A la poursuite des particules fines dans l’air que les Liégeois respirent

Distribution, et explications, des divers boîtiers de mesures des différents polluants, ce lundi matin

© Michel Gretry

Pendant toute cette dernière semaine de mars, des volontaires sillonnent la ville, avec au dos un sac mauve. Ils sont piétons ou cyclistes, et plus rarement automobilistes. Ils transportent plusieurs boîtiers qui mesurent la présence de charbon noir, un élément issu des gaz d’échappement des véhicules automobiles, mais également des particules fines ou ultra-fines, parfois rejetées dans l’atmosphère par les appareils de chauffage domestique. Ils doivent parcourir un circuit déterminé, sur les boulevards, dans des rues plus étroites ou à travers des parcs publics.

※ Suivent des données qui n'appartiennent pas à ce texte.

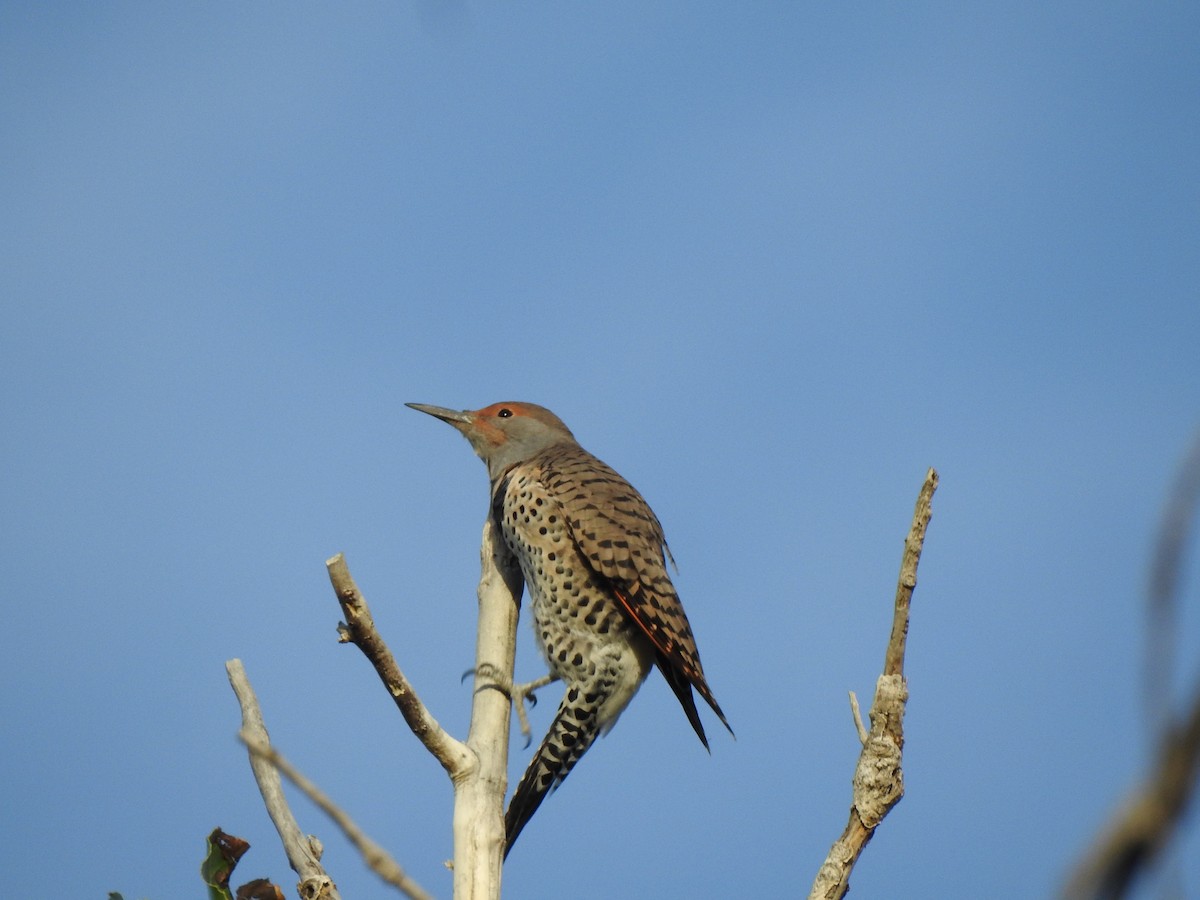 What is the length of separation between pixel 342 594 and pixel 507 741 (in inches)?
40.7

Ils sont géolocalisés, de façon à savoir précisément où et quand les concentrations sont nocives. Un écran leur permet, en temps réel, de voir si les taux correspondent à leur ressenti olfactif. Les pollutions sont parfois inodores…

Un exemple du graphique que les participants peuvent découvrir à l'issue de leur parcours
Un exemple du graphique que les participants peuvent découvrir à l'issue de leur parcours © Tous droits réservés

C’est donc, en collaboration avec l'ISSeP, une expérience de "science citoyenne": l’objectif, c’est évidemment de dresser une cartographie des endroits où les pouvoirs publics doivent intervenir ; mais c’est également l’appropriation de savoirs par madame ou monsieur tout-lez-monde, comme lors d’une précédente campagne, avec des capteurs fixes, sur les façades de maisons. .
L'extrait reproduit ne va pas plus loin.